Ergens in het najaar van 1986 heb ik een aantal woorden gewisseld met
Andy Scharmin. Al is gewisseld niet helemaal het juiste woord. Ik was
een brugpieper en Scharmin zat in het laatste jaar toen we elkaar
troffen in de kleedkamer van de gymzaal onder de ogen van al onze
klasgenoten. “Hee, boer Harms!” zei hij tegen mij. Waarschijnlijk was
mijn tongval zelfs voor Haaksbergse begrippen nogal Twents. Als bleue
brugsmurf leek het mij het meest wijs om maar niks terug te zeggen en
slechts nauwelijks zichtbaar te knikken. Ik kende Andy Scharmin overigens niet. Een
jaar later brak hij door bij FC Twente en herinnerde een klasgenoot mij
aan deze dialoog die ik – met terugwerkende kracht – met een bekende
voetballer had gevoerd.
Andy’s jongere broer Patrick zat ook op dezelfde school.

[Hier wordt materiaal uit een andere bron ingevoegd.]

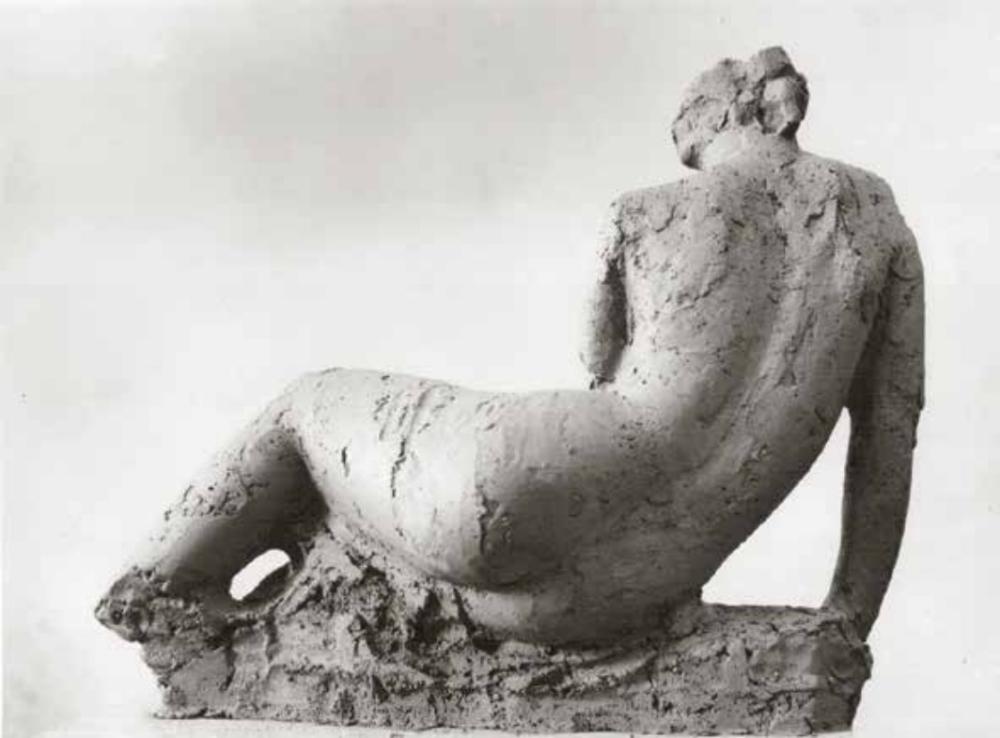Nude - Damir Ruzibayev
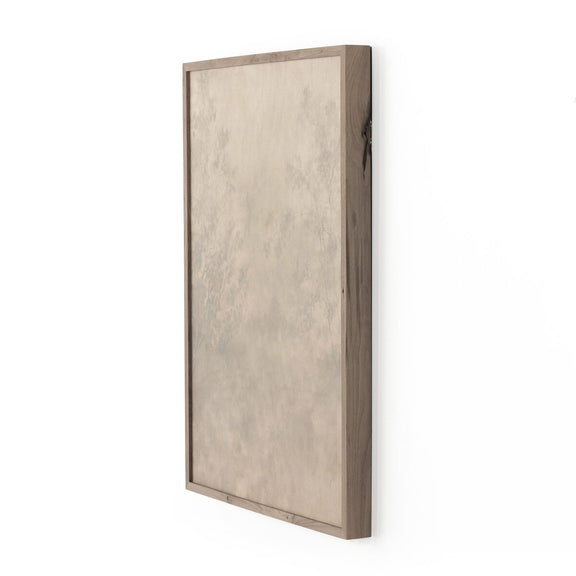 The Clearing by Aileen Fitzgerald - Rustic Walnut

Ik zat
inmiddels in 3 havo toen ik hem op een mooie, zonnige lenteochtend
vrolijk lachend door de schoolgangen zag ouwehoeren. Hij kwam zelfs naar
me toe en vroeg naar een klasgenote van me. Dit keer durfde ik wel te
antwoorden. Geloof ik. Wat ik me beter herinner is wat ik toen dacht.
Ja, natuurlijk. In hém zijn ze wel geïnteresseerd, die verwaande meiden
uit mijn klas, die hun neus ophalen voor een jaargenoot.
Op diezelfde dag voltrok zich het noodlot voor de familie Scharmin.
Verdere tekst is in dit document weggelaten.